Problem -> What you write must match, character for character, the lines from the one with "Girls Hooded Ruffle" down to the one with "J. Crew black leather heeled booties" in the listing below, minus its pictures.

Data for the task ->
========

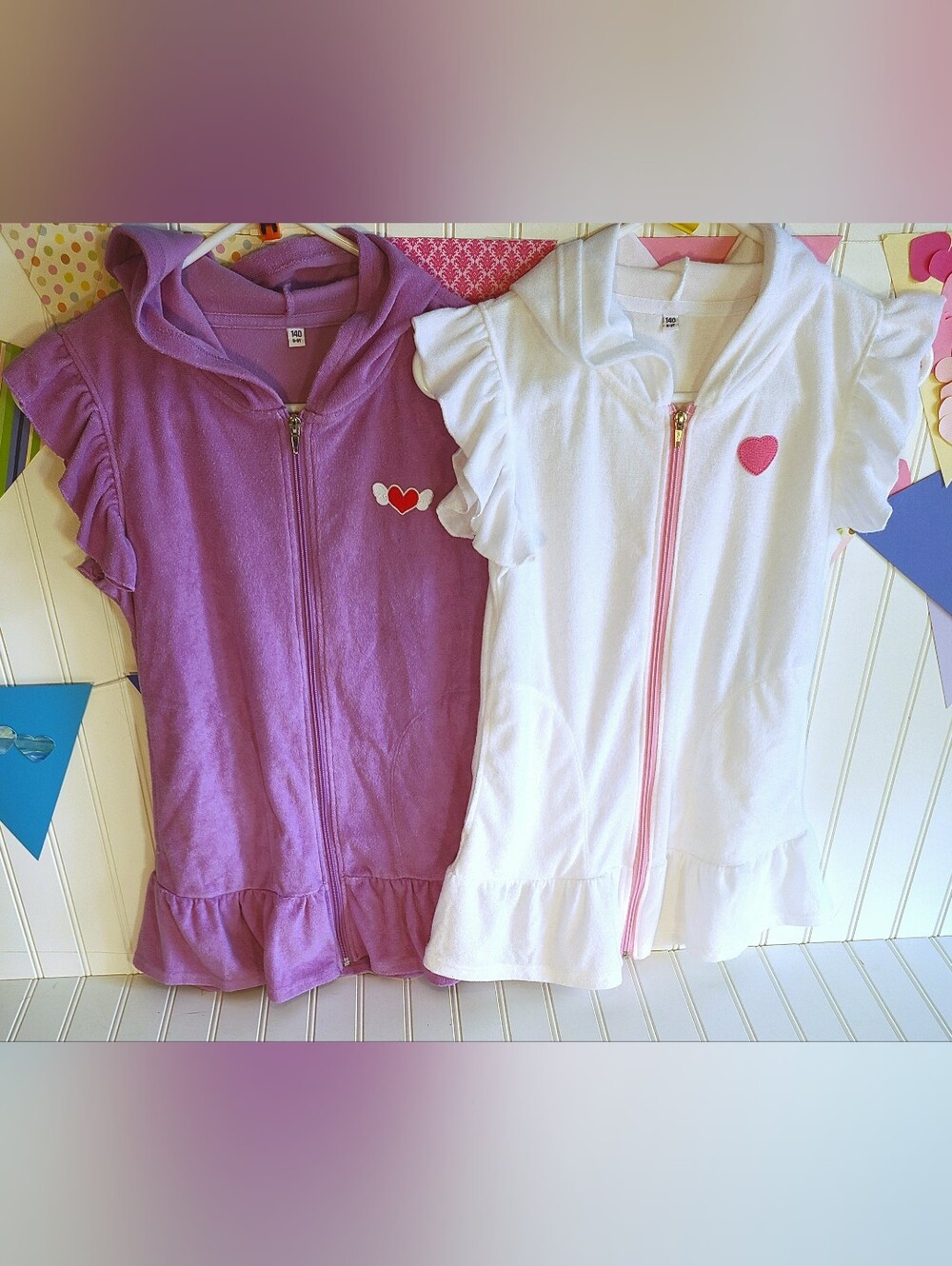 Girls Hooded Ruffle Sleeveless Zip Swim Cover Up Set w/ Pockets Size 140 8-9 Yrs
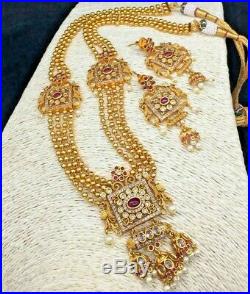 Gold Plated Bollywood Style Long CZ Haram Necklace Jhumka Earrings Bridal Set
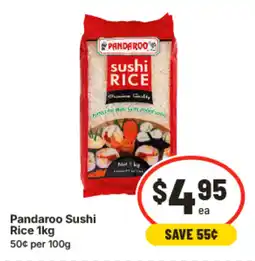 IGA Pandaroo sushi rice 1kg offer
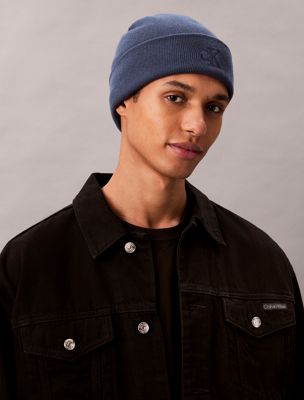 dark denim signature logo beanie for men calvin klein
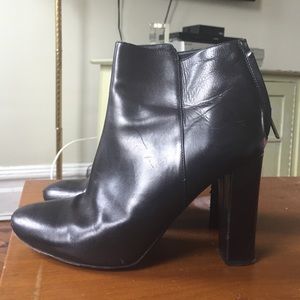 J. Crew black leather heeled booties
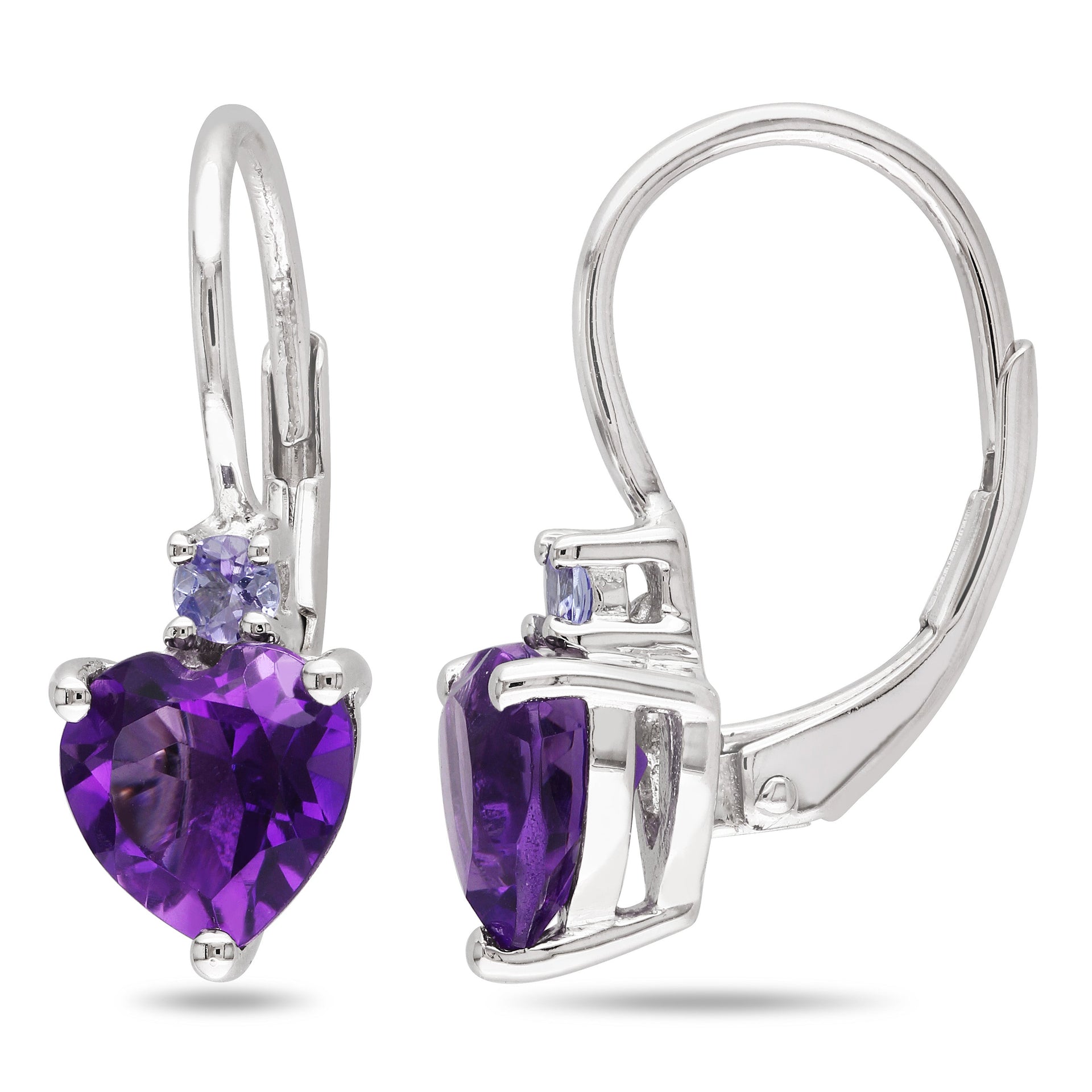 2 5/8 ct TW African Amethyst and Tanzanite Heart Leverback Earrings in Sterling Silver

========

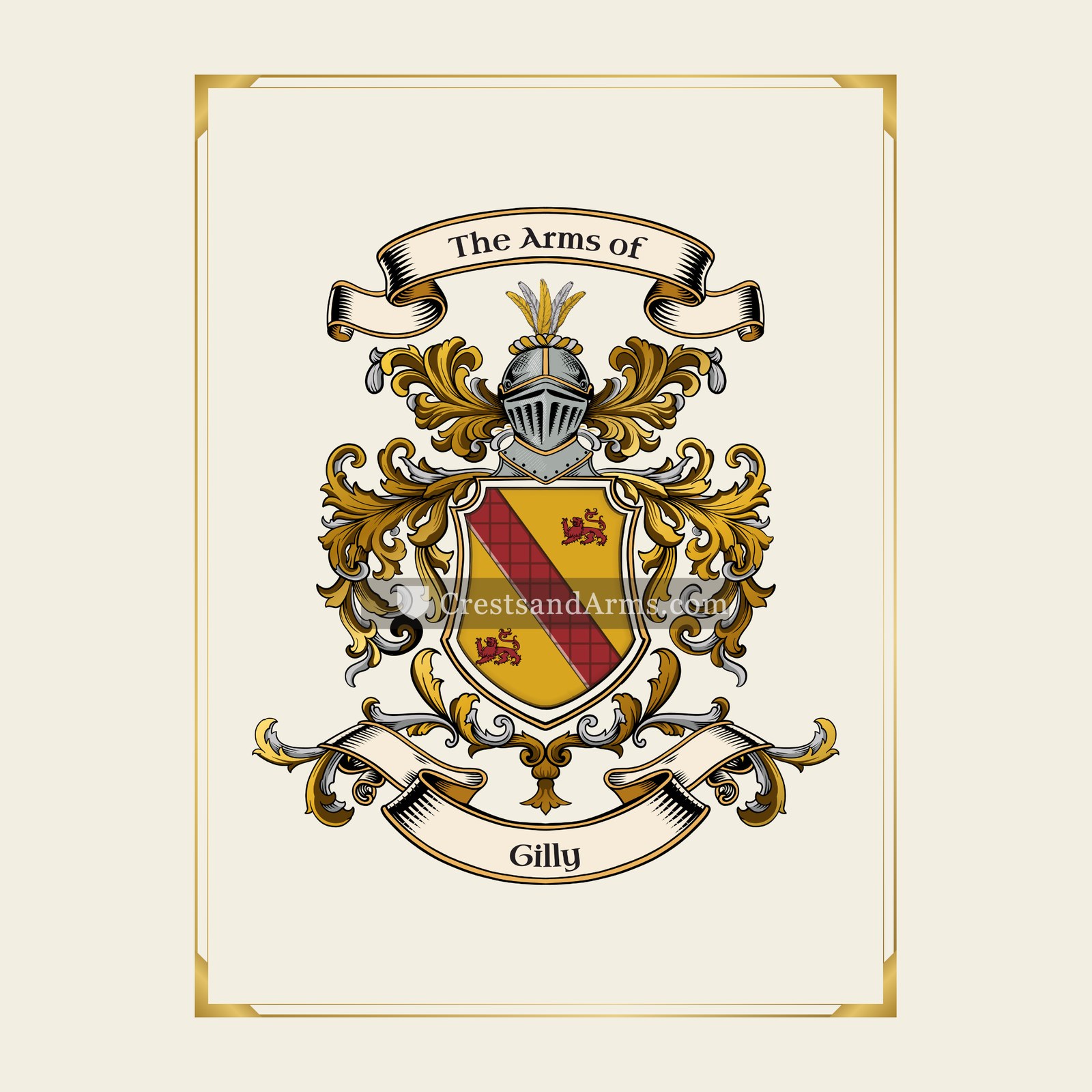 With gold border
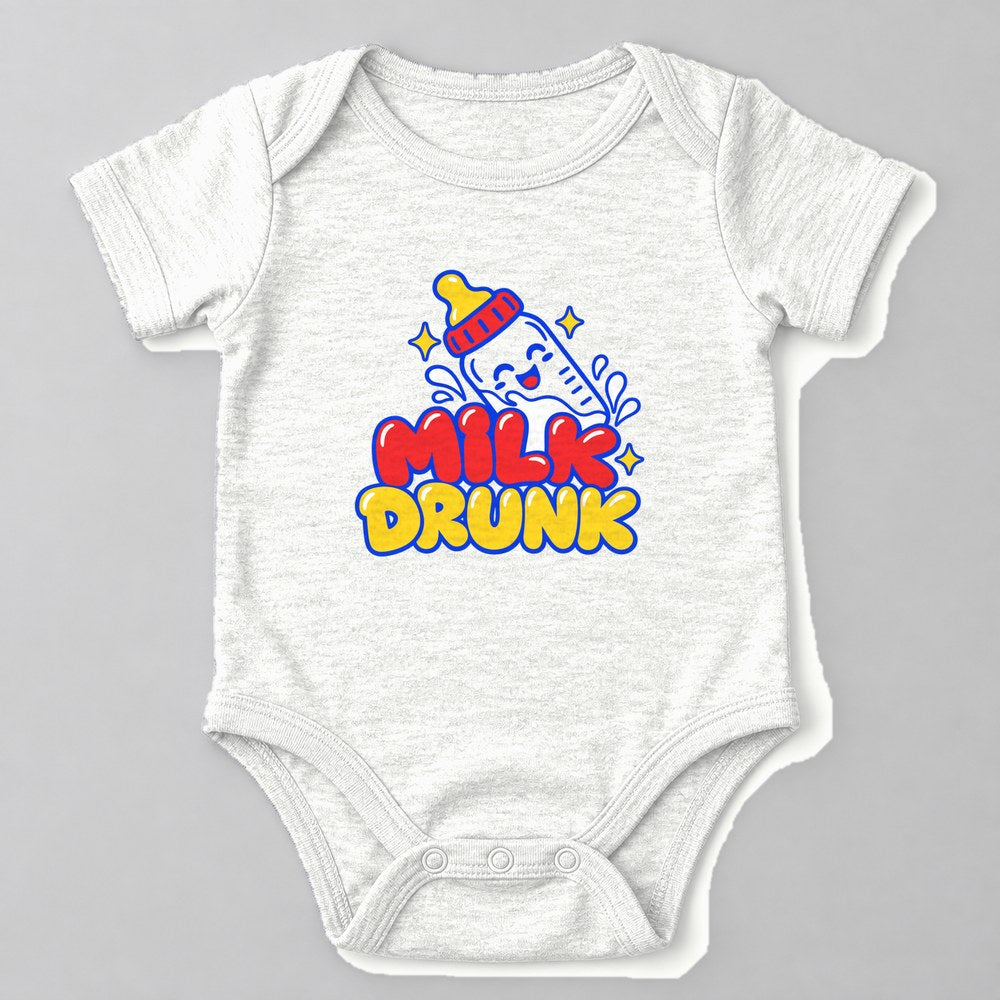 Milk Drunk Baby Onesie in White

========

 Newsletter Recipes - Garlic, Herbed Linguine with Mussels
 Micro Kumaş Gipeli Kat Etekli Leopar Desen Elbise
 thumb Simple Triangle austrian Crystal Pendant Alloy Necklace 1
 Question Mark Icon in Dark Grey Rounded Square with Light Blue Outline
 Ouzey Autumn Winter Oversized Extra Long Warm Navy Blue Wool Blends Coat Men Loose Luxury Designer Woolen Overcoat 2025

========

Solution for this task ->
 Girls Hooded Ruffle Sleeveless Zip Swim Cover Up Set w/ Pockets Size 140 8-9 Yrs
 Gold Plated Bollywood Style Long CZ Haram Necklace Jhumka Earrings Bridal Set
 IGA Pandaroo sushi rice 1kg offer
 dark denim signature logo beanie for men calvin klein
 J. Crew black leather heeled booties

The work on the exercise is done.